Читаем письмо Петра Ильича Юргенсону, написанное 28 сентября (10 октября) 1890 года: «Сообщу тебе весьма для меня неприятную вещь. У меня отныне шестью тысячами в год будет меньше. На днях я получил от Н. Ф. фон Мекк письмо, в коем она сообщает, что, к крайнему своему прискорбию, вследствие запутанности дел и разорения почти полного принуждена прекратить выдачу ежегодной субсидии. Я перенес этот удар философски, но тем не менее был неприятно поражен и удивлен. Она так много раз писала, что я обеспечен в отношении получения этой субсидии до последнего моего издыхания, что я в это уверовал и думал, что на сей предмет у нее устроена такая комбинация, что, несмотря ни на какие случайности, я не лишусь своего главного и, как я думал, самого верного дохода. Пришлось разочароваться. Теперь я должен совершенно иначе жить, по другому масштабу, и даже, вероятно, придется искать какого-нибудь занятия в Петербурге, связанного с получением хорошего жалования. Очень, очень, очень обидно; именно обидно. Отношения мои к Н. Ф. фон М[екк] были такие, что я никогда не тяготился ее щедрой подачкой. Теперь я ретроспективно тягощусь; оскорблено мое самолюбие, обманута моя уверенность в ее безграничную готовность материально поддерживать меня и приносить ради меня всяческие жертвы. Теперь мне бы хотелось, чтобы она окончательно разорилась, так, чтобы нуждалась в моей помощи. А то ведь я отлично знаю, что с нашей точки зрения она все-таки страшно богата; словом, вышла какая-то банальная, глупая штука, от которой мне стыдно и тошно».
Очень, очень, очень обидно; именно обидно. Настолько обидно, что добрейший Петр Ильич желает своей благодетельнице разорения (впрочем, чего только не ляпнешь в сердцах). Он знает, что баронесса «с нашей точки зрения… все-таки страшно богата», и не может понять истинной причины прекращения выдачи ежегодной субсидии. Из этого письма ясно, что Надежда Филаретовна объяснила свое решение плохим состоянием дел. Почему бы ей не написать об ухудшившемся состоянии здоровья? А не всегда хочется сообщать окружающим об этом… Проще найти другое объяснение.
Из письма к Модесту Ильичу от 10 (22) октября 1890 года: «Не знаю, говорил ли тебе в Москве Юргенсон о радикальном сокращении моего бюджета? Может быть, мое письмо к нему не дошло; я именно поручил ему сообщить тебе известие о себе, ибо писать тебе не мог по незнанию адреса. Н. Ф. ф[он] М[екк] написала мне, что разорилась и не может более посылать мне свою субсидию. Вот уж чего я никак не ожидал, ибо имел полнейшее основание считать эту субсидию навсегда для меня обеспеченной! Я мало огорчился уменьшением доходов, но… впрочем, о чувствах, возбуждаемых поступком Н[адежды] Ф[иларетовны], поговорю устно».
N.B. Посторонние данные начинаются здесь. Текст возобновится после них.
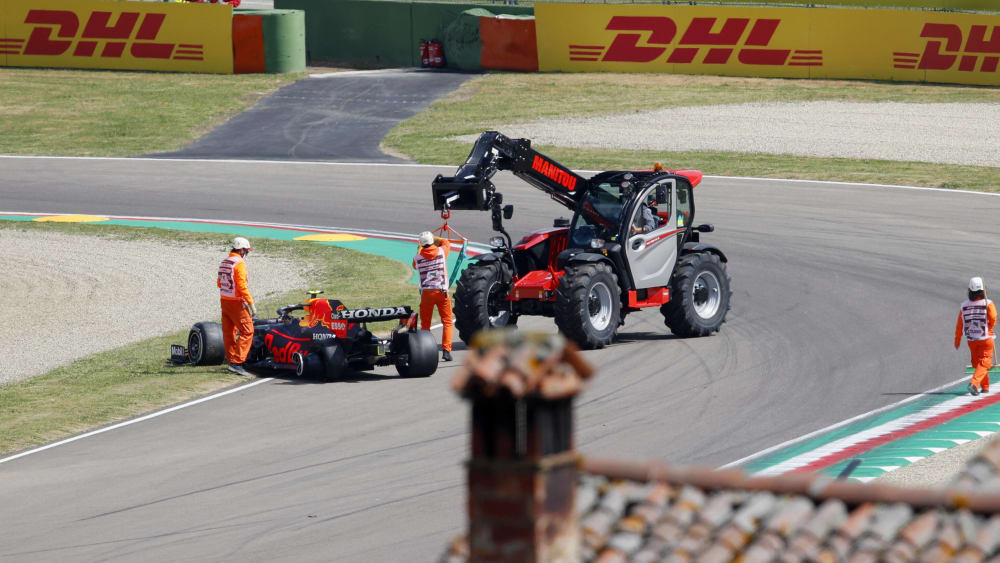 Sergio Perez' Red Bull blieb nach einer Kollision im 1. Training auf der Strecke stehen.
Слова «я мало огорчился уменьшением доходов, но…» наводят на мысль о том, что Петра Ильича не столько ранило прекращение финансирования как таковое, сколько то, что баронесса фон Мекк нарушила данное прежде обещание. Вспомним уже знакомый нам отрывок из письма Надежды Филаретовны от 28 февраля (12 марта) 1881 года: «Что же касается Вас, мой милый, дорогой друг, то прошу Вас не беспокоиться ни сколько моим положением и понять, что та сумма, о которой Вы говорите, так ничтожна в моем миллионном разорении, что она не может быть чувствительна ни на одной стороне весов, и потому прошу Вас, если Вы не хотите огорчать меня, ничего и не поминать об этом». Правда, сразу же за этими словами следовало: «Я же, с своей стороны, обещаю Вам, дорогой мой, сказать Вам самой, если придет для меня такое положение, что и эта сумма будет иметь значение», но Петр Ильич предпочел запомнить про «прошу Вас не беспокоиться». Надо отметить, что тон письма к Модесту Ильичу более спокойный, чем тон письма к Юргенсону – Петр Ильич успел успокоиться, но обида никуда не делась, осталась при нем.
Возможно, Чайковский повел себя не совсем так, как было нужно. Все-таки на первом месте должна была стоять благодарность, а не обида. Но история не знает сослагательного наклонения – мы имеем то, что имеем. Однако самое интересное заключается в том, что отношения между Петром Ильичом и Надеждой Филаретовной не были разорваны – в течение года Чайковский переписывался с зятем и секретарем баронессы Владиславом Пахульским и узнавал от него о состоянии Надежды Филаретовны.